Malachi 2:6-7: What We Teach

Wednesday, August 8, 2018

The prophet Malachi is known for his exhortation to put aside “spiritual degradation, religious perversions, social injustices, and unfaithfulness to the Covenant”. (Britannica online) Malachi recalls the fidelity and courage of the early Hebrew priests and people who first entered their covenant with God.

They taught what was right, not what was wrong.

How do we spend our time and energy today? What do we teach through the living of our lives? What is the fruit of our labor? As we review the local, national, and international news, how do we commit to bringing the world together rather than tearing it apart?

They lived in harmony with the Lord; they not only did what was right themselves, but they also helped many others to stop doing evil.

How do we apply our talents and gifts today? What do we achieve through the Spirit’s gifts of creativity, mercy and justice? As we interact with family, friends, and colleagues, how do we build bridges and tear down walls?
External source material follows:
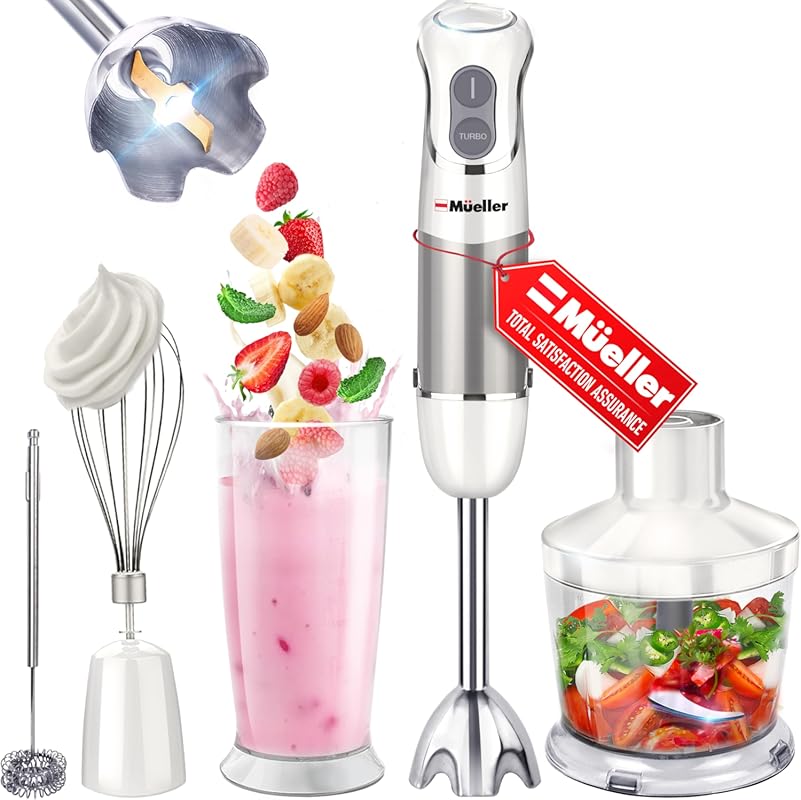 Mueller UltraStick 800W 5-in-1 Hand Blender with Turbo Boost and Whisk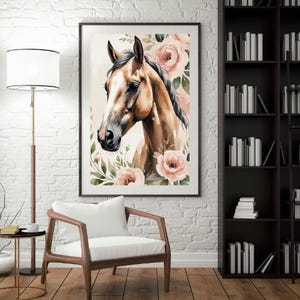 Arte de parede digital para amantes de cavalos | Impressão de cavalo em aquarela | Decoração equestre | Arte de cavalo de fazenda no campo | Retrato de cavalo ocidental para download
It is the duty of priests to teach the true knowledge of God. People should go to them to learn my will, because they are the messengers of the Lord Almighty.

How do we share the hope and love God sends to us each day? What do our words and actions communicate to the world about our own ideas of inclusion rather than exclusion? What do they say about our willingness to gather in those on the margins and those left behind? As we enact the priesthood ordained by Christ, how do we reflect God’s image, and engender the healing action of the Spirit?

Each day we have openings to learn God’s wisdom from our failures and successes. The lessons God gives us are our interactions with others; they bring us opportunities to expand our knowledge, and to explore the promise of God’s hope. Each day we have new endings and new beginnings as we learn to teach with each gesture, each movement, each encounter with Christ.

What do we teach each day? We have only to look into the eyes of others to discover the answer.


For more information on prophecy, see the Britannica online article on the minor prophets at: https://www.britannica.com/topic/biblical-literature/The-first-six-minor-prophets#ref961890

When we compare other versions of these words, we find new lessons from God.

For more reflections on this prophecy, enter the word Malachi into the blog search bar and explore. 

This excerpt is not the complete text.